I shared with David and Cathy yesterday a line from one of my favorite poems, William Wordsworth’s Intimations of Immortality, in which Wordsworth muses on a special kind of sight the soul posseses when we are young. He writes:
Our birth is but a sleep and a forgetting:
The Soul that rises with us, our life’s Star,
Hath elsewhere had its setting,
And cometh from afar;
Not in entire forgetfulness,
And not in utter nakedness,
But trailing clouds of glory do we come
From God, who is our home:
Heaven lies about us in our infancy!
Trailing clouds of glory do we come... I love that image of glory swirling and dancing about children when they are very young. I know you all must see it circling Sadie, in the brightness of her smile, in the the sparkle of her eyes. We’ve all wondered, watching children, what they are able to see that perhaps we no longer can - swirling glory, angels in waiting, the face of God?
Wordsworth wonders if the clouds fade as we grow older, or if we simply forget how to see through them even as we learn to see in other ways, more measured, more solid, more linear. All that swirling and sparkling would be dizzying in a grown-up world that marches forward day by day with responsibilities and obligations and deadlines to meet. Heaven may lie about us in our infancy, illuminating everything, but as we grow the world teaches us to see by sunlight and lamplight alone.
This morning's readings come to us trailing clouds of glory that have not yet settled, glory that still swirls around us today as the presence of God in our individual and common lives, glory that just might help us see things we have forgotten how to see – that our home was and is and always will be with God, who in this season of incarnation, in this season of Christmas, has made for heaven a home on earth in the sparkling eyes of an infant lying in a manger.
It had surely been ages since Jacob had seen anything but his own ambition and anxiety. He had tricked his father and his brother in order to get what he thought was glory, and then took off across the desert and finally dropped to the ground, exhausted. Jacob dreamed out there, with a rock for a pillow and stars for a blanket. In his dream he saw a ladder that reached from earth to heaven, and on it angels moved up and down. God was in the dream, not at the top of the ladder but on the ground, right beside Jacob, and God said, I am with you and will keep you wherever you go. I will not leave you.
Scripture doesn’t tell us whether it was still dark when Jacob awoke, whether the moon shone upon the desert sand or whether the sun had begun to rise. Don’t you think, though, that clouds of glory swirled around him as the dream faded but the memory of it remained. He did not forget what he had just seen.

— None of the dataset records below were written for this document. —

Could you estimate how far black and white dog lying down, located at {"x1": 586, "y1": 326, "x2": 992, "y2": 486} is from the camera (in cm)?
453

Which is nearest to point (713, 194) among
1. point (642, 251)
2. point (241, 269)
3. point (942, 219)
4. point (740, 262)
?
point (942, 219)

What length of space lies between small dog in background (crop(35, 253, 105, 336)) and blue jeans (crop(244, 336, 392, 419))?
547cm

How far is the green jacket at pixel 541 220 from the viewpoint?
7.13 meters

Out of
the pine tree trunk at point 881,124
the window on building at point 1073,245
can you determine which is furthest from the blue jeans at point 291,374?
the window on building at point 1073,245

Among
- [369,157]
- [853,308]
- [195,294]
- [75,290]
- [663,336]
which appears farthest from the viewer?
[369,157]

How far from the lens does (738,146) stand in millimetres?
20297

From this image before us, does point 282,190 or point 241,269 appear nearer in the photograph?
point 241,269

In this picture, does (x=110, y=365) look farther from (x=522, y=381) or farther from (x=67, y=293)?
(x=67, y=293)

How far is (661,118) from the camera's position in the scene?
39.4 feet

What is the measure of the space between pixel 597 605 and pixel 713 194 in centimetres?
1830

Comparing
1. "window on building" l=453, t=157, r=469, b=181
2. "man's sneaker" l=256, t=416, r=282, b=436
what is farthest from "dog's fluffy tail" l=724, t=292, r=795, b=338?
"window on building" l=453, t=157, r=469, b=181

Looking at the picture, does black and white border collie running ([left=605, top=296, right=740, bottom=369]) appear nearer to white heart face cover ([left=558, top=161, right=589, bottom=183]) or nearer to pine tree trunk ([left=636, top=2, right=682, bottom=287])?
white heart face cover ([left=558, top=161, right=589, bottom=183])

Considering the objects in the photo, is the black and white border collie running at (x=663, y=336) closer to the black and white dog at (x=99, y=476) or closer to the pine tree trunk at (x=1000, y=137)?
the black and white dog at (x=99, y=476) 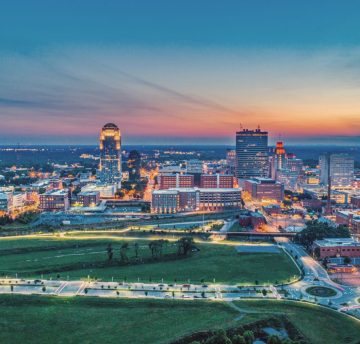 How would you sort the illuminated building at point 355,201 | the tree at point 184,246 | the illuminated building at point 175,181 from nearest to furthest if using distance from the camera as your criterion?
the tree at point 184,246
the illuminated building at point 355,201
the illuminated building at point 175,181

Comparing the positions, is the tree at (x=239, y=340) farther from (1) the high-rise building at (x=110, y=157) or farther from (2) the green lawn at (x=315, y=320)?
(1) the high-rise building at (x=110, y=157)

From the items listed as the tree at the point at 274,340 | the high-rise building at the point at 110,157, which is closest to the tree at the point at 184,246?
the tree at the point at 274,340

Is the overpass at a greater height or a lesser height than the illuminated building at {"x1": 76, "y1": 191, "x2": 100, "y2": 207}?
lesser

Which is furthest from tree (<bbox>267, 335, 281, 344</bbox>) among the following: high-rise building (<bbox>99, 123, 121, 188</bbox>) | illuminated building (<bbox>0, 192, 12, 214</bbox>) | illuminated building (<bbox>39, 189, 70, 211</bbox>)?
high-rise building (<bbox>99, 123, 121, 188</bbox>)

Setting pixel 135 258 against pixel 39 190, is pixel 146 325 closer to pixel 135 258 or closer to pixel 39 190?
pixel 135 258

Surely God was in this place and I did not know it, Jacob declared. How awesome is this place! he said. This is the household of God. This is the gate of heaven.
Perhaps some of us have dreamed or will one day dream as Jacob did. But I believe that all of us, every once in a while, have the opportunity to arrive in a place and discover there something we had long forgotten how to see. David and Cathy and all of us who are parents or godparents or grandparents or cousins or big brothers have looked into Sadie’s eyes - into the eyes of any child, right? - and seen a glimpse of heaven.
In this gathered community of faith, and in our own communities of faith where we live, we have joined in prayer and thanksgiving and seen a glimpse of heaven on earth, for there indeed we are in the household of God.
In our prayer and thanksgiving here today, in our celebration of holy Baptism and holy Eucharist, in water and oil and bread and wine, we see in these outward and visible signs the inward and spiritual grace and glory that still swirl around us even when we do not know it. How awesome is this place. How awesome is this moment.
Sadie, God is with you and will keep you wherever you go. God will not leave you. We and all who will have the good fortune to be part of your community of faith will, with God’s help, be witnesses of the work of God on earth even as you are a witness to us of heaven, which is our home. May glory swirl about us all this morning, as water swirling in this font, and may it drip over our foreheads and down our necks and soak our souls in grace. Amen.
Photo: Anonymous on someone's Webshots site, from an album of pictures taken in Asia
1 comment:
What a beautiful description of such a special time in this family's life! I have always believed that childhood "innocence" is childhood "knowing God more than the world" in ways we all too soon forget...or disremember. We spend the rest of our lives trying to sort though all the worldly stuff, trying to re-remember God's glory. Have you read Madeleine L'Engle's "Trailing Clouds of Glory?" I'm too lazy to get up to get my copy, but I think I remember it is about children's literature and sprirtuality and God.